LOR-K : Ne venant pas d’une famille spécialement tournée vers l’art, mes premières influences ont été le graffiti et les tags. Des blazes comme 6TRON, 1NSTIN… ont marqué mon enfance. Je les croisais quotidiennement sur le trajet en allant en cours. Je m’en suis rendu compte grâce aux interviews où on me posait toujours la question sur mes influences.  Ce sont les premières images d’art qu’il me reste de mon enfance. Et même à l’heure actuelle, le graffiti ou même parfois le vandalisme m’influencent plus que le street art de ses 10 dernières années.

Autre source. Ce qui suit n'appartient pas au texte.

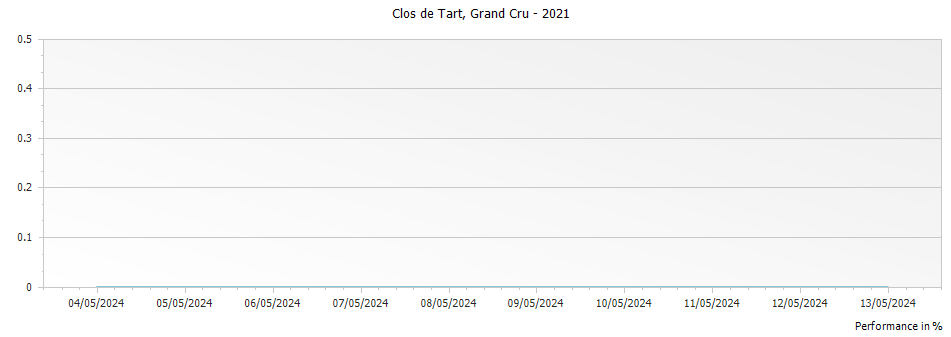 Graph for Clos de Tart Grand Cru – 2021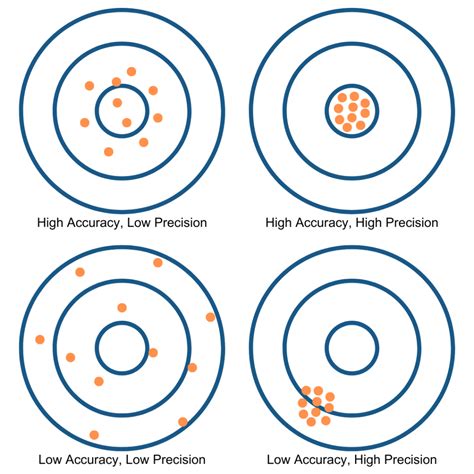 Image result for Difference Between Accuracy Precision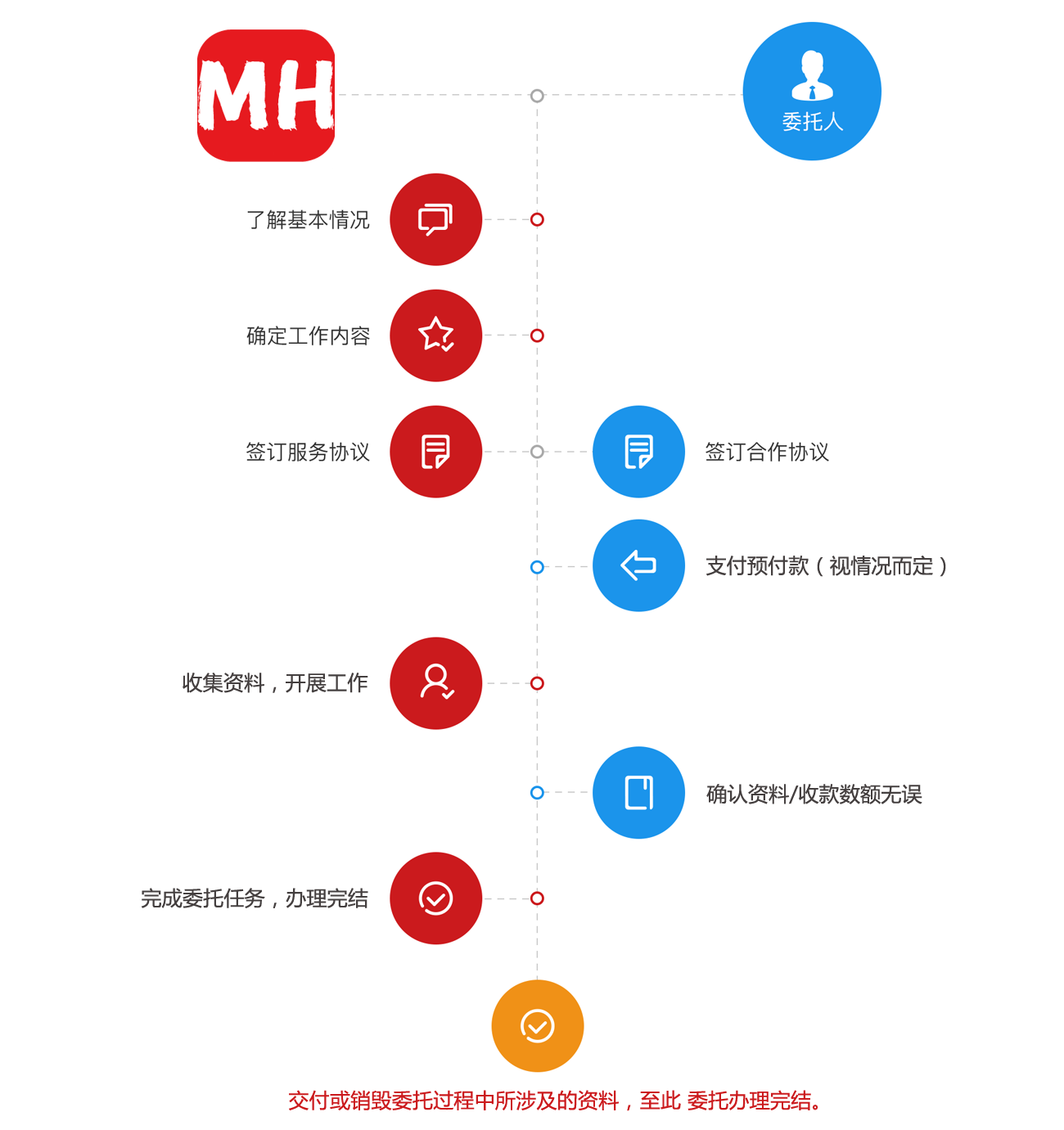 经营借贷欠款讨要(图1)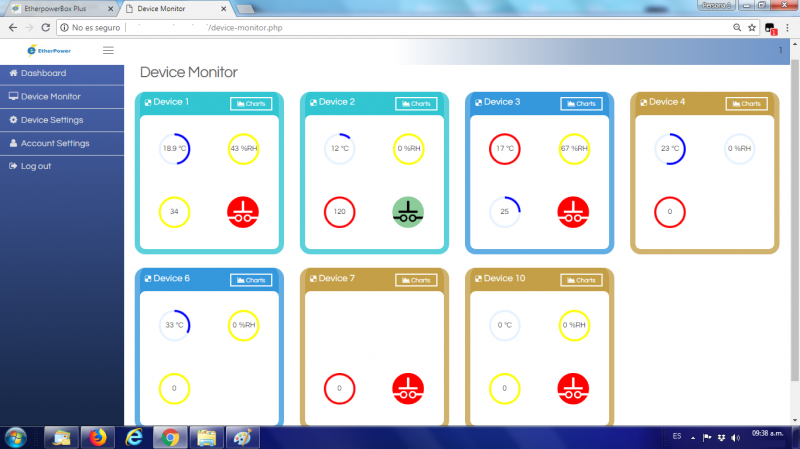 Monitoreo Remoto de Temperatura Con Sensores Datacenter
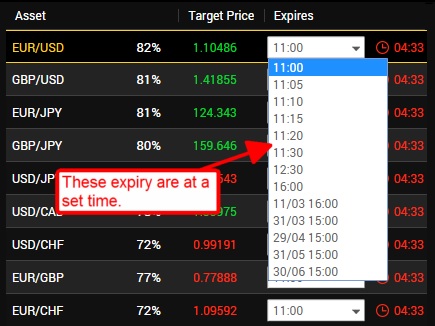 Choose expiry example 1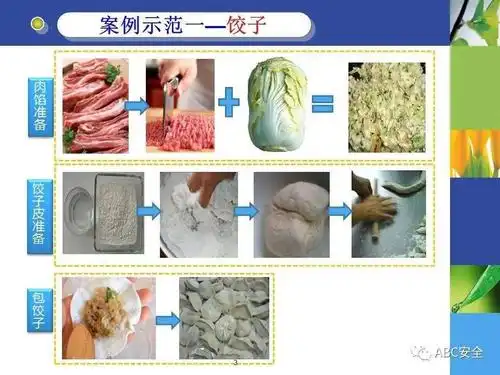 包个饺子就能掌握的ie七大手法流程程序法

LOR-K : Projet Vente Flash 2013

 

Tu as touché un peu au graffiti ?
LOR-K : Pas vraiment, que très peu quand j’étais plus jeune. Mon père étant électro mécanicien, il y avait toujours 2-3 bombes qui trainaient, genre noir, blanc et doré. J’essayai de poser mon blaze sur des planches. Mon père intervenait pour me donner des conseils sur la manière de tenir une bombe pour éviter les coulures etc…. Je ne me rendais pas compte à l’époque de l’impact que ça allait avoir sur ce que je fais maintenant.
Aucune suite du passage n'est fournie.